I am a sarcastic mom, tried and true INTJ, my DISC profile has a high D and C with low I and S, and I'm a quirky geek (love me some Star Wars, BSG, Firefly, Dr, Who and comic books!). When I grow up I want to be an Amazon warrior with super powers and an awesome costume. Music and literature are passions, cooking and baking are hobbies, and writing a blog (such as this one) is both a cathartic release and documentation of the growth of my family and myself. View all posts by mombieconfessions

8 responses to “Ceremonial Meltdown

  • stephenedwards425

    As a man, who unfortunately is not much of a romantic, I never understood the female fascination with the whole wedding dress, reception thingie…until now. What a well written post, quite obviously from your heart…and thank you for helping an old man “see.”

    Blessings to you and your young family…may you realize all your dreams.

    Be encouraged!

  • Cassie Jo

    You totally and completely should (and still can). There are no rules to this dear, so pick a weekend, invite family over and celebrate some love with cake! Or, make an awesome cake, and eat it while you wear the dress standing in your kitchen:) You can do anything you want to celebrate your love and happiness, make it happen:)

  • Stacy

    I agree. Have a party and wear that dress! You can renew your vows and have a small (cheap!) party with your close friends and family.
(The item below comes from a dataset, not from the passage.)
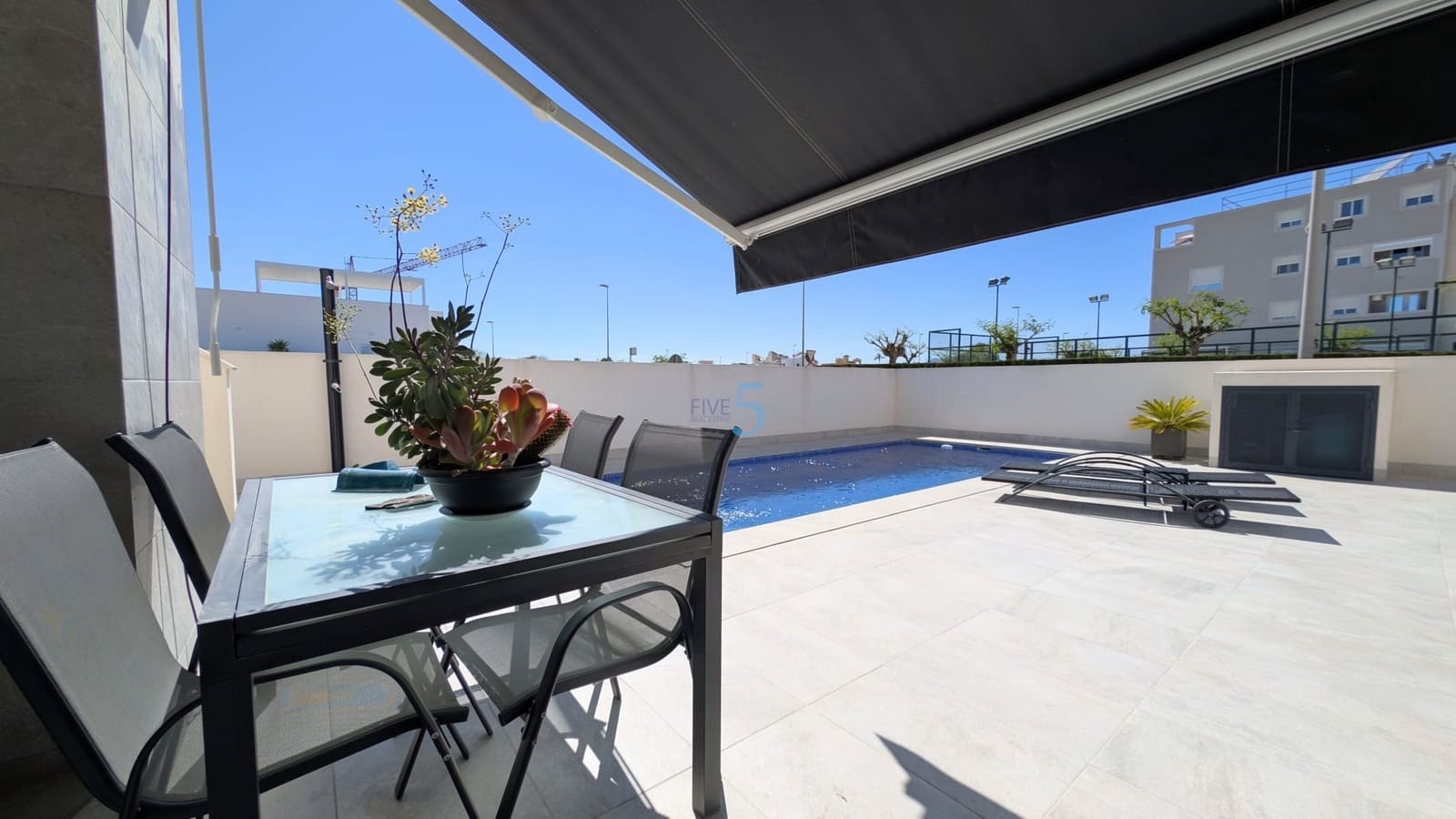 2 camera da letto Bungalow in vendita in Daya Nueva con piscina - 325.000 € (Rif: 9788816)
    A lot of people thought I was weird because the only thing that mattered to me was being married by a preacher. We set the date for the first week she could marry us and got everything ready within two weeks. I bought my dress on Wed & the wedding was on Saturday. My wedding cake was a Publix coconut cake with two Star Wars Action figures on top. We went out to eat at Ryans, right next to the church, with our families and left for 3 days in Savannah. It was THE most wonderful day of my life 🙂 The only thing that bothered me was that we were having so much fun on our honeymoon that I only took 3 pictures.
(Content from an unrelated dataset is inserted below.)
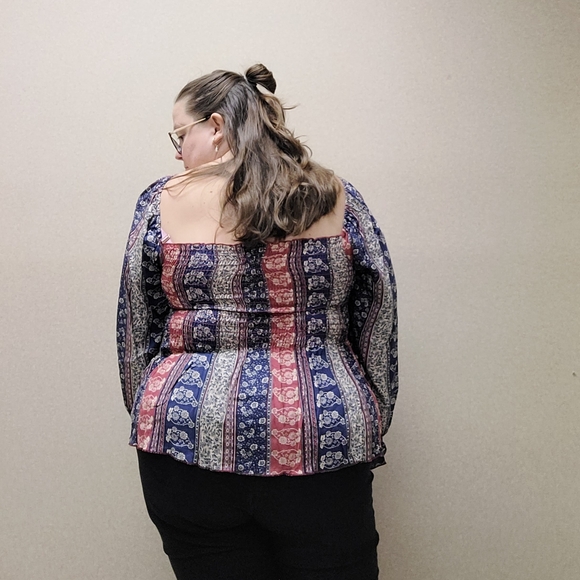 Floral Paisley Synch Box Neck Top - Picture 3 of 4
    https://www.facebook.com/media/set/?set=a.222623345462.279323.838675462&type=3

  • Southern Sea Muse

    The grass is always greener…after a day of standing around in an pretty but itchy dress eating cake, I couldn’t wait to get out of it all and get real. If I could do it over, I’d do it like you did it, then do the dress and cake later when it would have meant more, like it does for you now. 😀

  • mombieconfessions

    Thank you for the sweet replies, all! For me, now, with a baby and practical financial concerns, any sort of ceremony seems frivolous. Any money spent on an event, or food, or whatever, seems wasteful, especially considering there are much more important places our money should go. Asking friends and family to spend money (whether it be to buy something to wear, drive to us, etc) on an event where the couple is already married and settled seems selfish. On our actual anniversary (and our fake September anniversary) we’re just going to have fancy mini- cakes and remember what’s actually important: the wedding is just the entry way into the marriage. And our marriage is awesome.